UNITED STATES DISTRICT COURT EASTERN DISTRICT OF NEW YORK
Nov 24, 2015
15-CV-6478 (MKB) (E.D.N.Y. Nov. 24, 2015)

Summary

In Keefrey, the Court warned Plaintiffs that it may impose sanctions, including the imposition of an injunction prohibiting them from making future filings seeking in forma pauperis status without leave of Court, if they continued to file frivolous claims.

Summary of this case from Guichardo v. Laguardia Cmty. Coll.

Opinion

15-CV-6478 (MKB)

11-24-2015

ELIJAH J. GUICHARDO, CARMEN C. GUICHARDO, and CARMEN R. YENTES PUESAN, Plaintiffs, v. OFFICER KEEFREY, et al., Defendants.


NOT FOR PUBLICATION MEMORANDUM & ORDER MARGO K. BRODIE, United States District Judge:

Plaintiffs Elijah J. Guichardo ("Elijah"), Carmen C. Guichardo ("Carmen C.") and Carmen R. Yentes Puesan ("Carmen R."), proceeding pro se, commenced the above-captioned action on November 5, 2015, against 114 Defendants including the 110th and 115th Precincts of the New York City Police Department ("NYPD") and numerous John and Jane Doe NYPD officers. (Compl. 1-7, Docket Entry No. 1.) The 101-page Complaint asserts claims pursuant to 42 U.S.C. § 1983 and alleges that Plaintiffs were discriminated against due to their race in violation of the First, Fourth and Fourteenth Amendments to the United States Constitution and 18 U.S.C. § 242. (Compl. 7-9, 12.) Plaintiffs also appear to assert various state-law claims including negligence and intentional infliction of emotional distress. (Id. at 7.) Plaintiffs seek monetary damages; "[v]indication of [Plaintiffs'] names;" "closing and suspension" of the 110th and 115th Precincts; and "revocation of [the] badges, titles, certificates, etc." of the individual NYPD officers named as Defendants. (Id. at 9.) The Court grants Plaintiffs' requests to proceed in forma pauperis pursuant to 28 U.S.C. § 1915(a) and, for the reasons set forth below, dismisses the Complaint pursuant to 28 U.S.C. § 1915(e)(2)(B)(ii). Plaintiffs are granted leave to file an amended complaint within thirty (30) days of the date of this Memorandum and Order.

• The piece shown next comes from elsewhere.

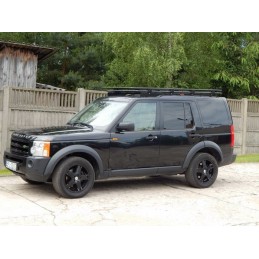 Land Rover Discovery III/IV...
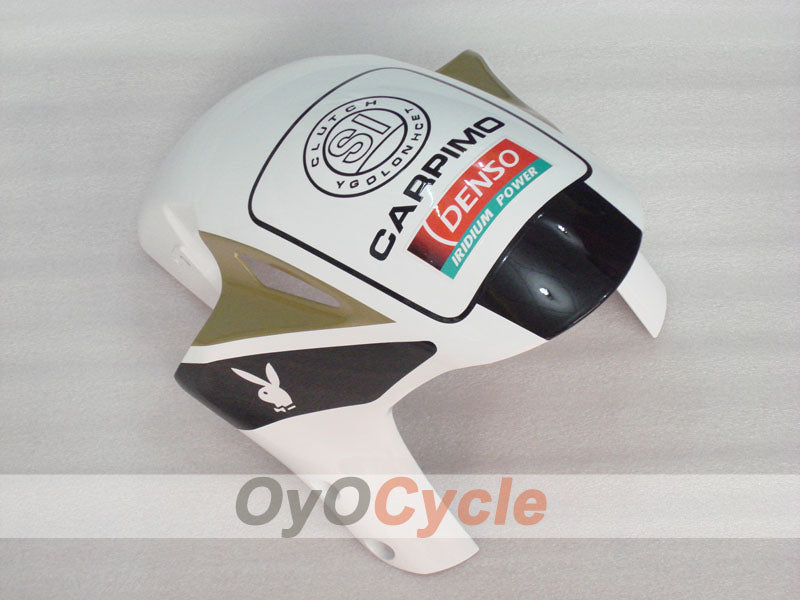 Carena anteriore parafango per Honda CBR1000RR 04-05 #OYO87906564 Immagine principale del prodotto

Because the Complaint is not consecutively paginated, all citations to pages of the Complaint refer to the Electronic Document Filing System pagination.

I. Background

The 101-page Complaint consists of (1) an eleven-page pleading, (Compl. 1-11); (2) a five-page "[f]actual [c]hronological [s]ummary" that lists the dates and descriptions of various incidents involving encounters between Plaintiffs and NYPD officers, (id. at 12-16); (3) correspondence and various complaints filed by Plaintiffs with, among others, the City of New York, the Civil Rights Division of the United States Department of Justice, the New York Civil Liberties Union, and the Office of the Inspector General for the New York State Unified Court System, (id. at 17-87); and (4) a twenty-page list of "other results of injuries caused by defamation, intentional racial discrimination and retaliation," (id. at 88-110). The Complaint does not include a "Statement of Claim." Instead, the eleven-page pleading repeatedly directs the reader to "read [the] attachments" without indicating the particular page or pages that are relevant. (See, e.g., id. at 7-9.) The "[f]actual [c]hronological [s]ummary" is primarily comprised of entries describing encounters between Plaintiffs and NYPD officers in which Elijah or Carmen C. were stopped and frisked or arrested and in which Plaintiffs were "racially profiled and harassed" or otherwise mistreated.

II. Discussion

a. Standard of review

A complaint must plead "enough facts to state a claim to relief that is plausible on its face." Bell Atl. Corp. v. Twombly, 550 U.S. 544, 570 (2007). A claim is plausible "when the plaintiff pleads factual content that allows the court to draw the reasonable inference that the defendant is liable for the misconduct alleged." Matson v. Bd. of Educ., 631 F.3d 57, 63 (2d Cir. 2011) (quoting Ashcroft v. Iqbal, 556 U.S. 662, 678 (2009)). Although all allegations contained in the complaint are assumed to be true, this tenet is "inapplicable to legal conclusions." Iqbal, 556 U.S. at 678. In reviewing a pro se complaint, the court must be mindful that a plaintiff's pleadings should be held "to less stringent standards than formal pleadings drafted by lawyers." Erickson v. Pardus, 551 U.S. 89, 94 (2007) (per curiam) (quoting Estelle v. Gamble, 429 U.S. 97, 104-105 (1976)); see Harris v. Mills, 572 F.3d 66, 72 (2d Cir. 2009) (noting that even after Twombly, the court "remain[s] obligated to construe a pro se complaint liberally"). Nevertheless, the Court is required to dismiss sua sponte an in forma pauperis action if the Court determines it "(i) is frivolous or malicious; (ii) fails to state a claim on which relief may be granted; or (iii) seeks monetary relief against a defendant who is immune from such relief." 28 U.S.C. § 1915(e)(2)(B); see also Abbas v. Dixon, 480 F.3d 636, 639 (2d Cir. 2007). Additionally, if the Court "determines at any time that it lacks subject-matter jurisdiction, the Court must dismiss the action." Fed. R. Civ. P. 12(h)(3); see also Cortlandt St. Recovery Corp. v. Hellas Telecomms., S.A.R.L., 790 F.3d 411, 416-17 (2d Cir. 2015) (A district court may dismiss an action for lack of subject matter jurisdiction pursuant to Rule 12(b)(1) when the court "lacks the statutory or constitutional power to adjudicate it . . . ." (quoting Makarova v. United States, 201 F.3d 110, 113 (2d Cir. 2000))).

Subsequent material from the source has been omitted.